**Provided entries**.
▽

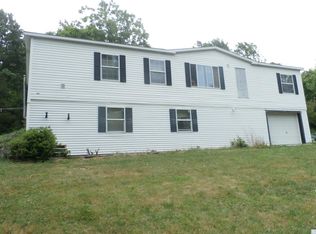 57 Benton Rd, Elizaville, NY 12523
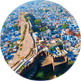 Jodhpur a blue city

△
▽

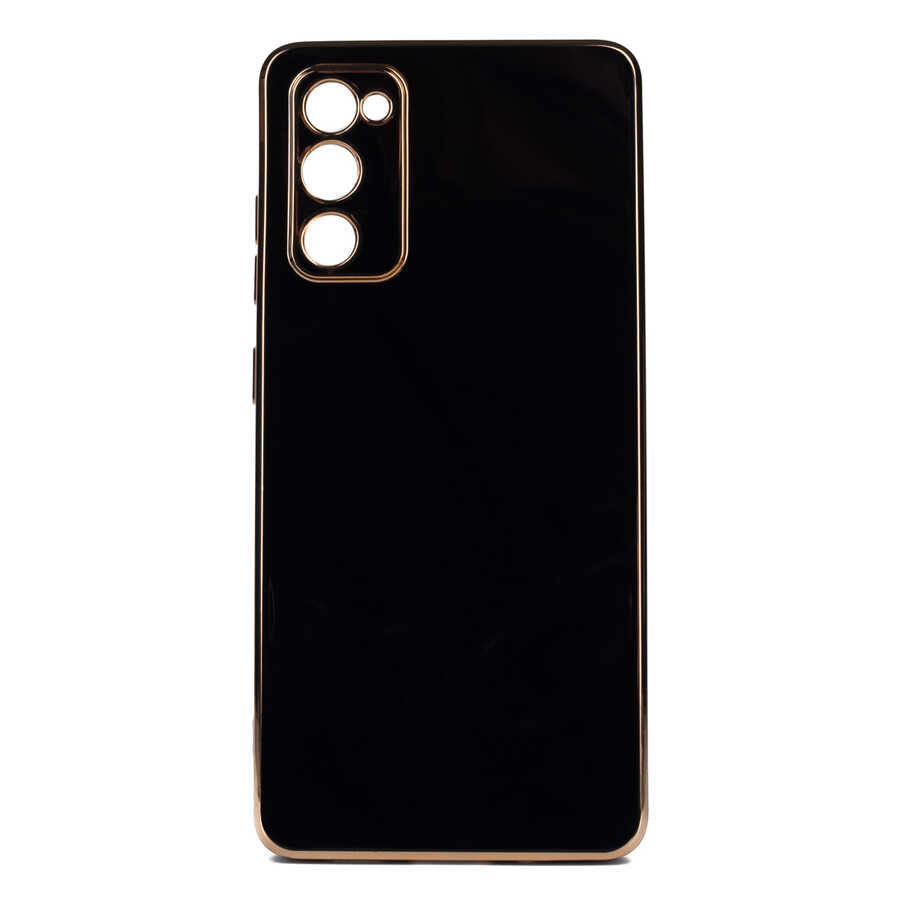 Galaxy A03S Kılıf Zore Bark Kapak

△
▽

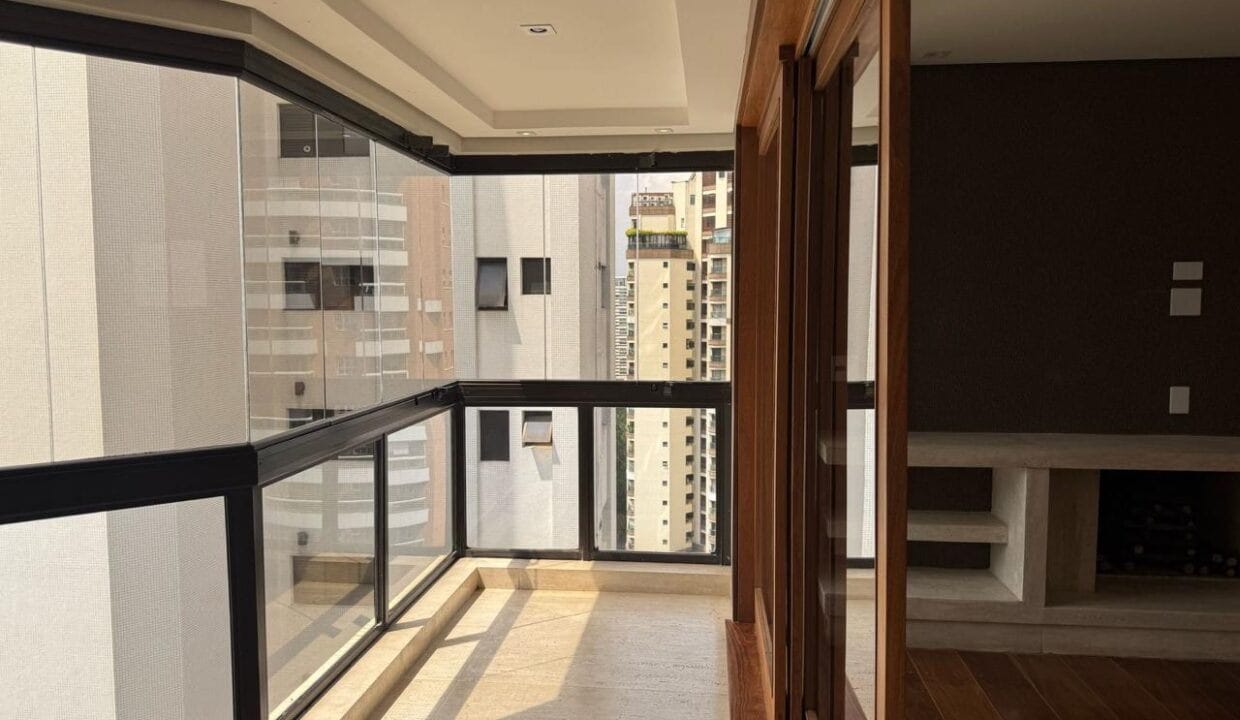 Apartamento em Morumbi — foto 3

△

**Exercise goal**. In the listing above, find the line with "57 Benton Rd, Elizaville, NY 12523" and the line with "Jodhpur a blue city". Set down both and every line between them, minus the pictures.

**Output of the exercise**.
 57 Benton Rd, Elizaville, NY 12523
 Jodhpur a blue city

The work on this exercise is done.